What is even more important in a high growth situation is the ability to look forward, to project, and to make sure that the company doesn’t run out of money.

In order to look forward, you need to know where you are, and that requires a solid baseline derived from looking back. So one feeds the other. But they are different.

Looking forward requires modeling and it requires the ability to anticipate. An example of this is “we are going to get a big order from a new customer next month, let’s put that revenue into the model.” But if you don’t anticipate that it may take up to ninety (or more) days to collect that revenue, then you have messed up the modeling and that is the sort of rookie error that could lead to an unexpected cash crisis.

There are many reasons why a company needs a forward looking projection to run the business but avoiding the unexpected cash crisis is number on on that list in my view.

In my experience, the people who are strong at the looking back function are often not strong at the looking forward function. You may need different people to do these roles. In a large company, there are entirely different departments that do these functions. There is an accounting department and there is a financial planning department (often called FP&A).

If you are a small company and have limited resources, you will often attempt to get both the look back and the look forward from the same person. If you aren’t getting what you want in doing that, don’t be surprised. I would rather see a small company outsource the accounting work and staff for the planning/modeling work. Accounting is a bit of a commodity, many people can do it well. Seeing the future from around the corner is most definitely not commodity and if you have someone who can do that well, hold on to them, pay them well, and make sure they are happy and rewarded in the job.

Because looking forward is really where it is at in the finance function at the end of the day. That’s where the good stuff and the bad stuff mostly happen. And when it is done well, it is a thing of beauty.

The Diverse Syndicate

Startups are generally not funded by just one investor. They are usually funded by a collection of investors; the angel syndicate, followed by the seed syndicate, followed by the VC syndicate.

This gives the founder the opportunity to gain insights and advice from a group of people versus just one.

I was sitting next to a VC last night who brought up the age old question – operator vs investor? She is a successful early stage investor who has never been an operator.

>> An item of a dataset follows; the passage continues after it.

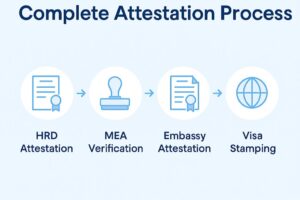 attestation process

My answer to her question was “both.”

Yes it is fantastic to have people in the syndicate who have been or maybe still are operators. They will be able to help you with all sorts of management issues.

But it is equally important to have the investor mindset in your syndicate. Investors tend to be very attuned to financial issues like burn rate, when to raise, from whom, etc. They also understand market positioning, strategy, and similar stuff very well.

While you are at it building a diverse investor syndicate, try to get women, minorities, and other forms of diversity into your syndicate.

Treat building an investor syndicate like building a management team. What you want is a lot of differing strengths not a bunch of the same strengths.

The Hidden Cost Of Extending Option Exercise Periods

Many people in startup land believe that the answer to the challenges around forcing departing employees to exercise vested options is to simply extend the option exercise period to the maximum (ten years) allowed by the IRS.

It certainly is one of the techniques that are available to companies and one that a number of our portfolio companies have adopted. Another option, and one that I prefer, is for a market to develop around financing these option exercises (and the taxes owed) when employees depart.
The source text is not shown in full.